* RECORDS
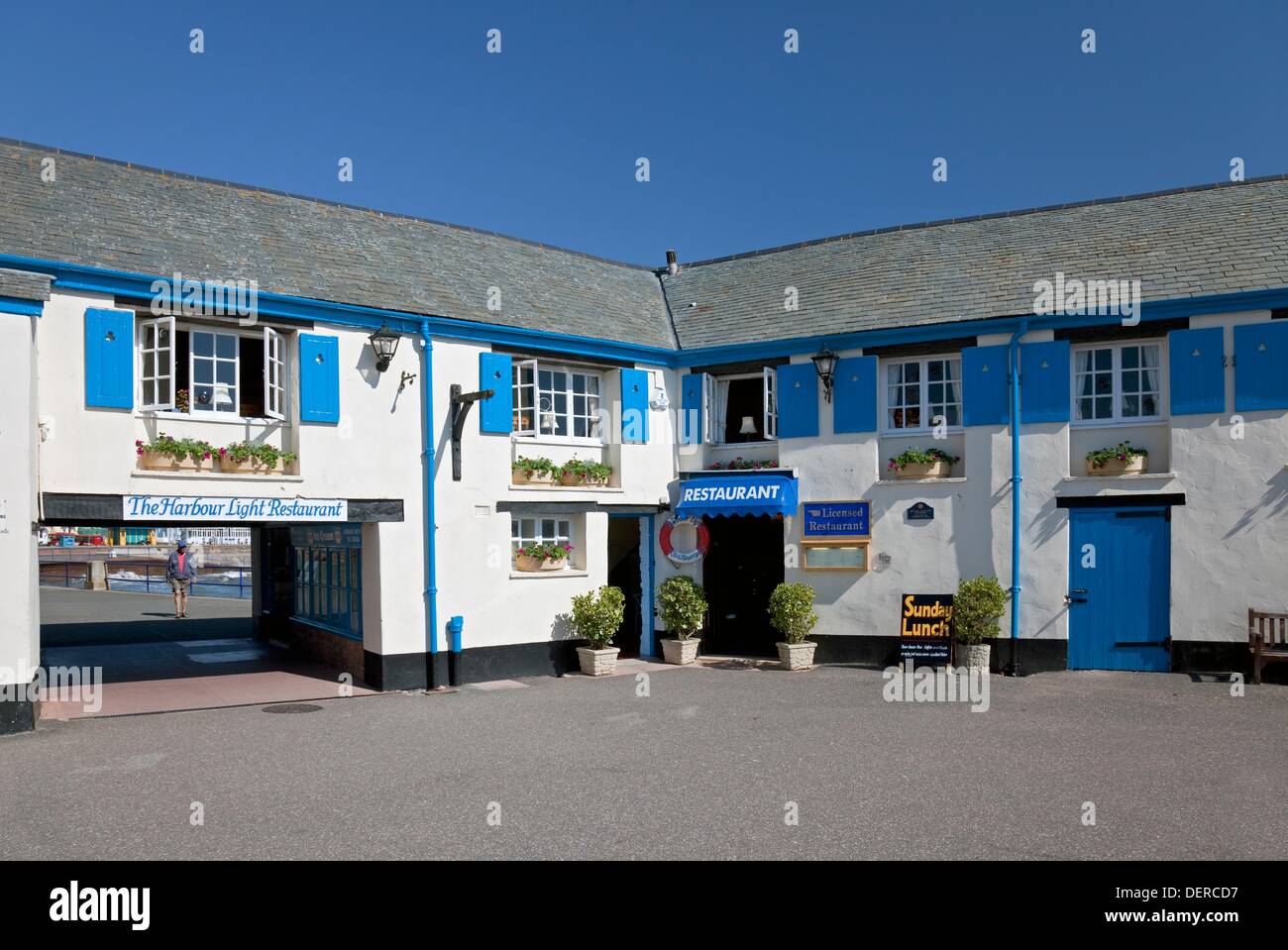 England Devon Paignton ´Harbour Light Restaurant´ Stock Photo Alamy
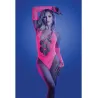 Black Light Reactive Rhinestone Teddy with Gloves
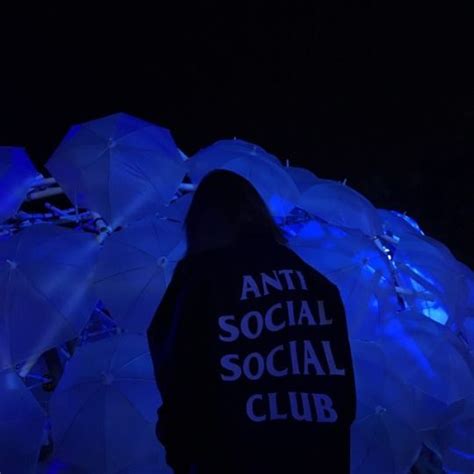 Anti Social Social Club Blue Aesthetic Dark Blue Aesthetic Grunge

==

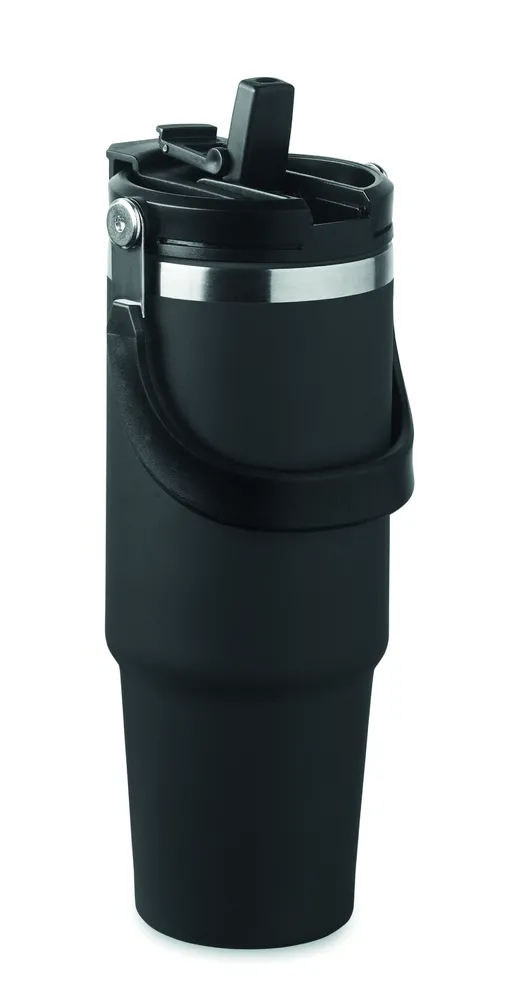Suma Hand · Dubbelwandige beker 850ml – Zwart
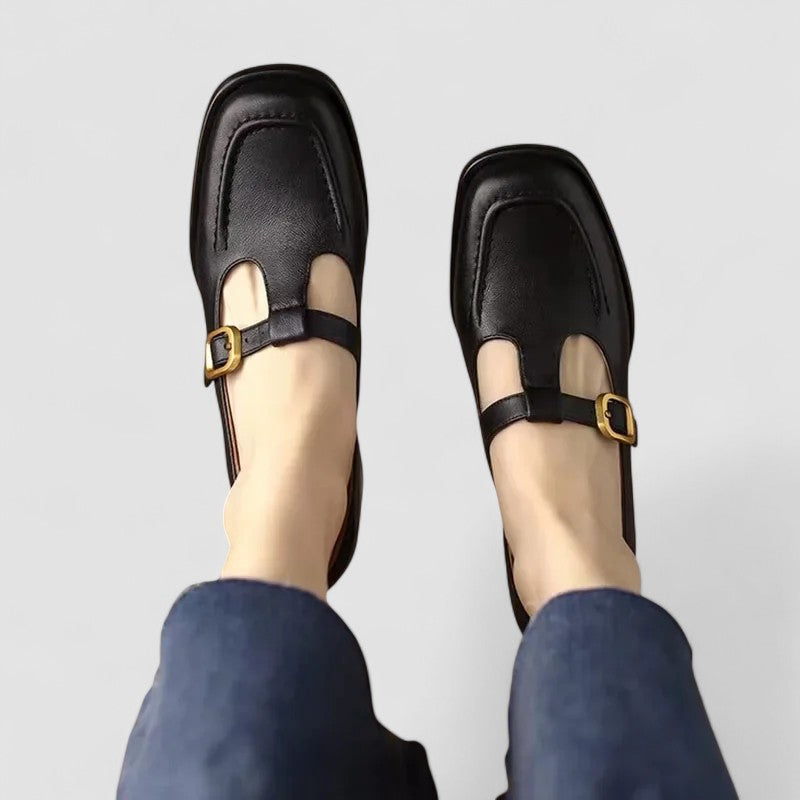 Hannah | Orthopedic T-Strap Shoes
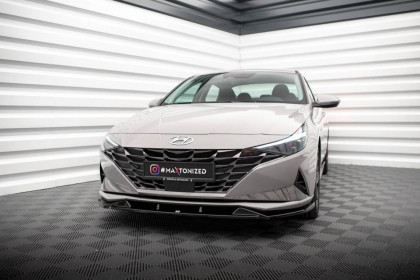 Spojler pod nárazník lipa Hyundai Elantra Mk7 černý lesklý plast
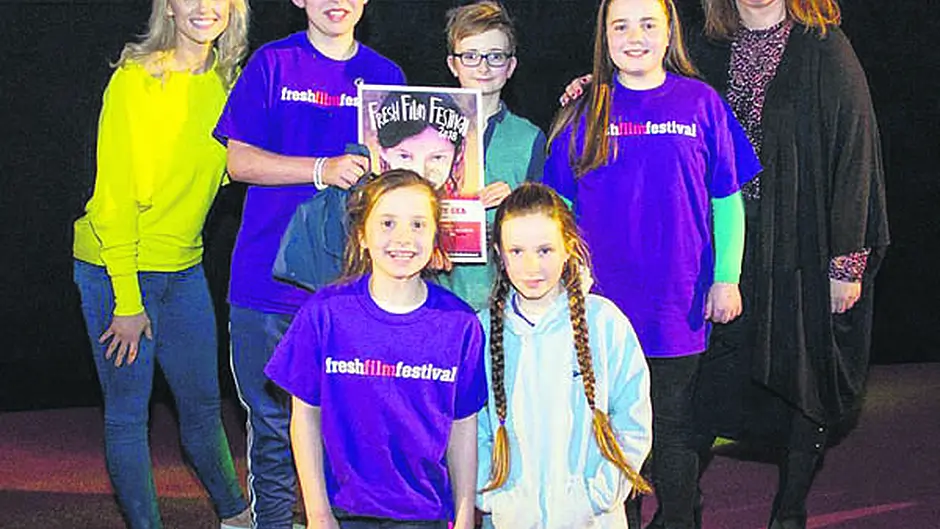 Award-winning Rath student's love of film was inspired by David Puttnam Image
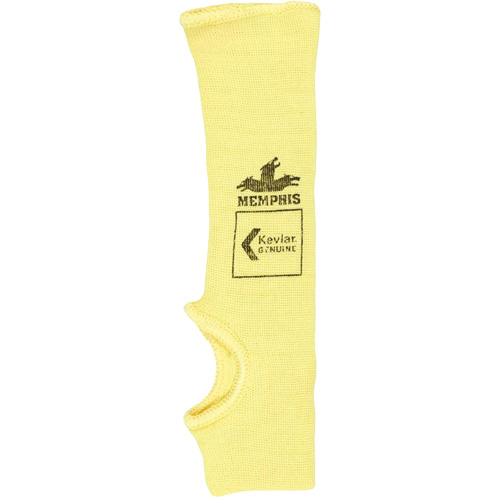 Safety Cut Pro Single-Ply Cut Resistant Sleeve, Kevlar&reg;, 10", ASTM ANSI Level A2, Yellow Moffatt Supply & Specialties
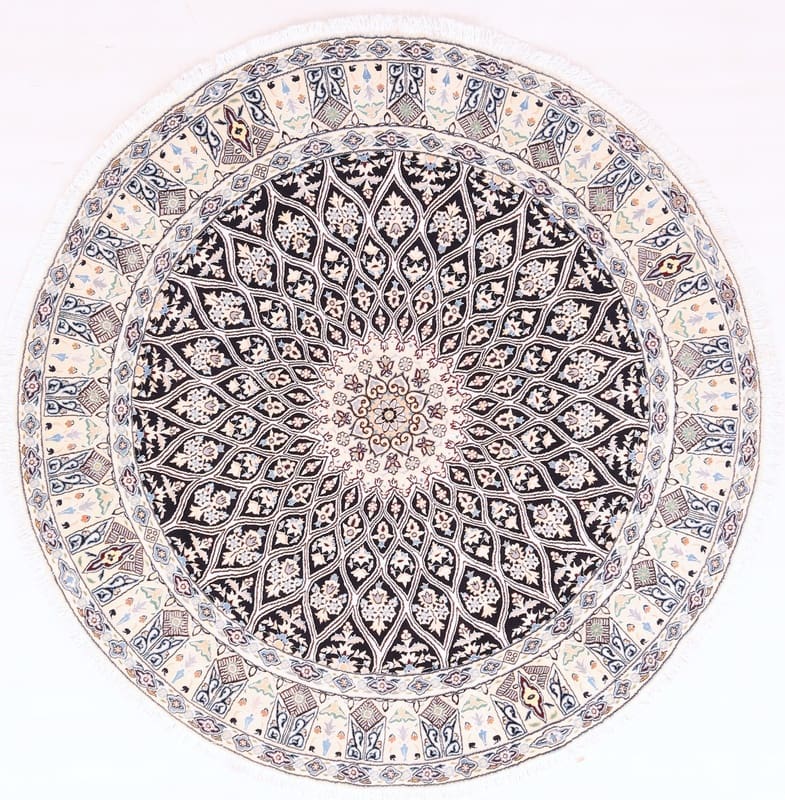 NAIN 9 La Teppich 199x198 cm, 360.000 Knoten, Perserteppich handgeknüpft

==

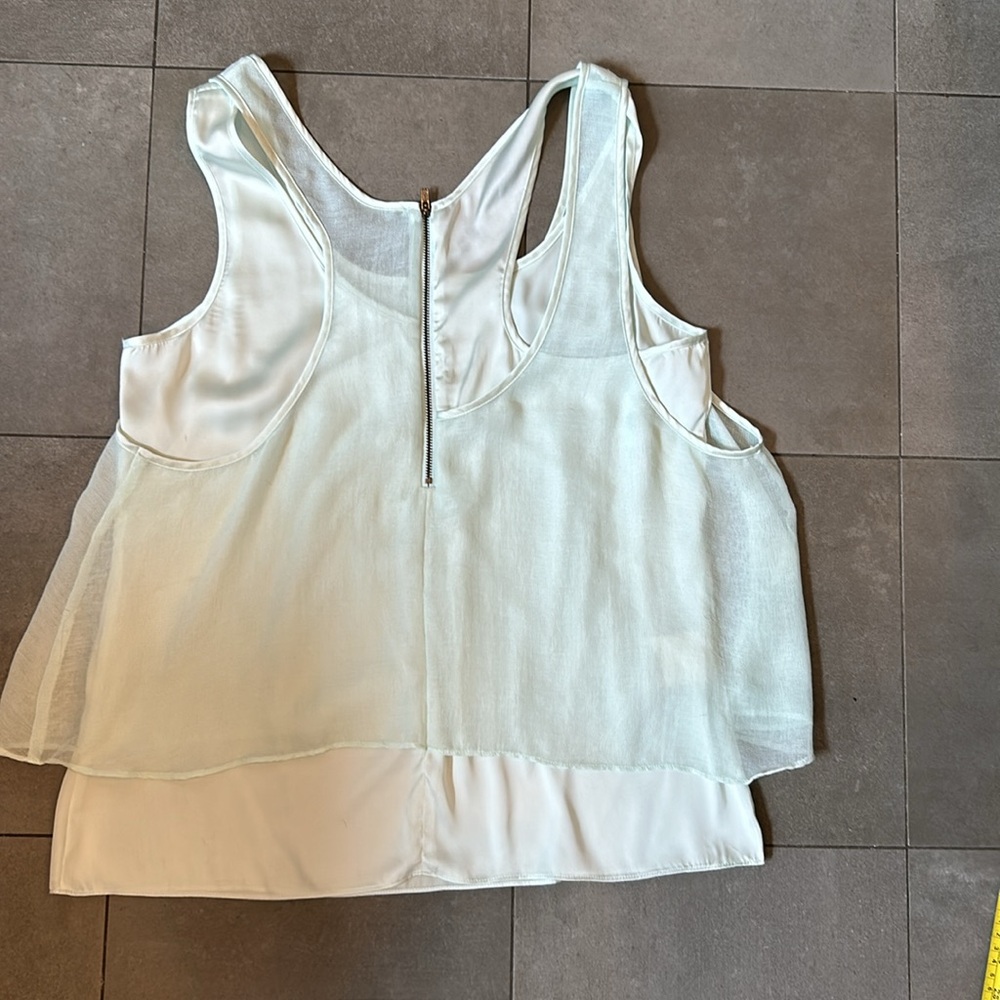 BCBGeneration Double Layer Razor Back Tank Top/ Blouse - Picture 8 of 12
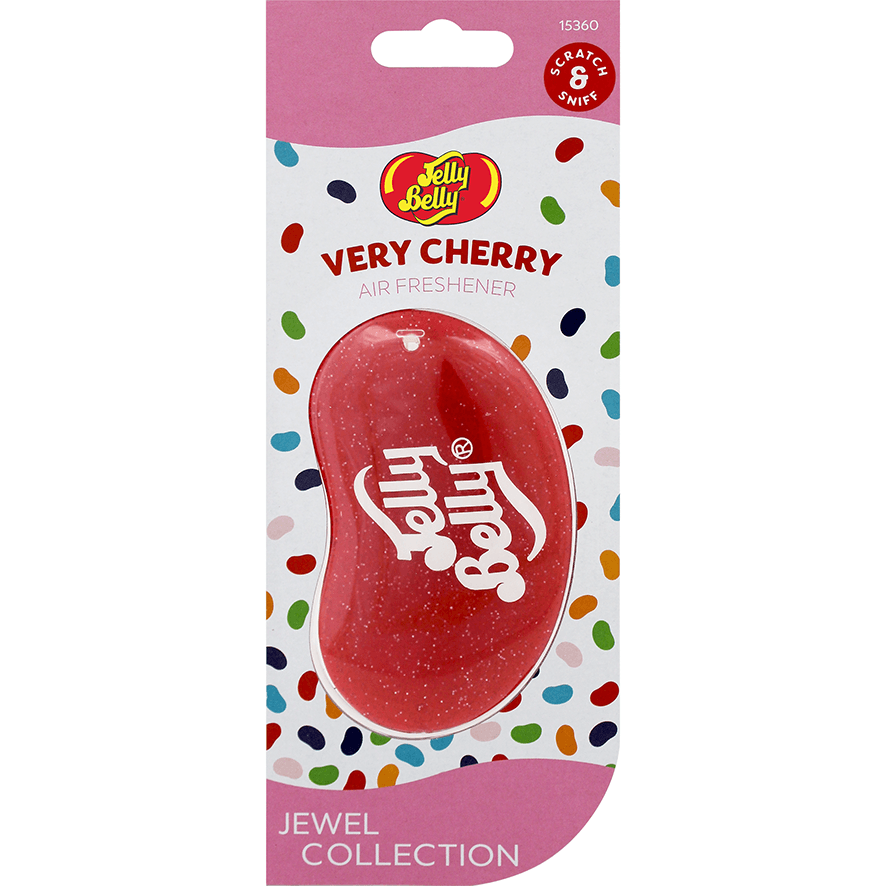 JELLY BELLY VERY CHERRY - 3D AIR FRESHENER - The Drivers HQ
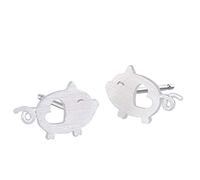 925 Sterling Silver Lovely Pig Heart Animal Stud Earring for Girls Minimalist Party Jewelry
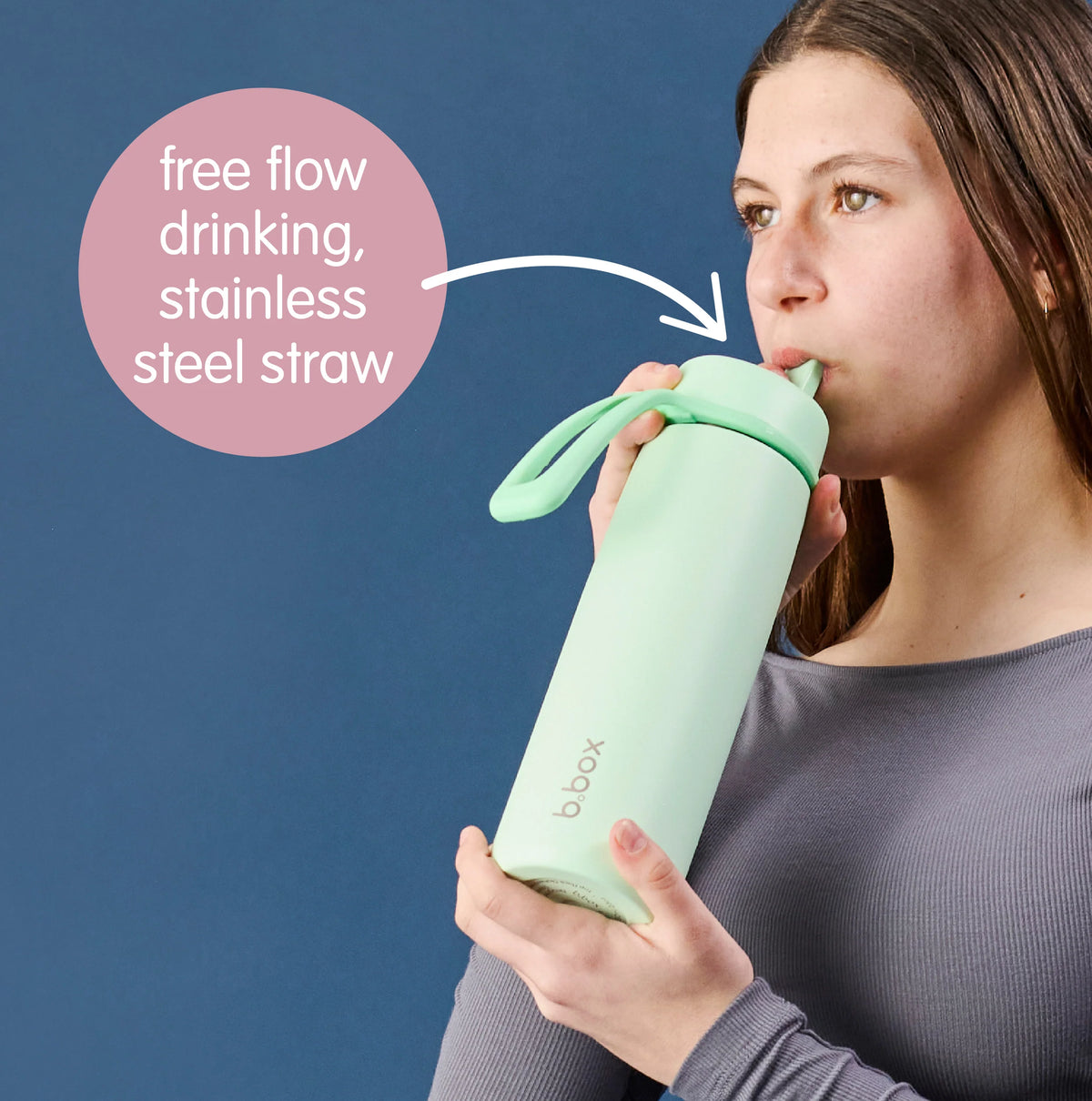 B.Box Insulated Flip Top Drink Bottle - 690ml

* WHAT NEEDS TO BE DONE
Word for word, restate the lines above from the one with "Award-winning Rath student's" through the one with "NAIN 9 La Teppich", keeping both ends and dropping the pictures.

* EXERCISE RESPONSE
 Award-winning Rath student's love of film was inspired by David Puttnam Image
 Safety Cut Pro Single-Ply Cut Resistant Sleeve, Kevlar&reg;, 10", ASTM ANSI Level A2, Yellow Moffatt Supply & Specialties
 NAIN 9 La Teppich 199x198 cm, 360.000 Knoten, Perserteppich handgeknüpft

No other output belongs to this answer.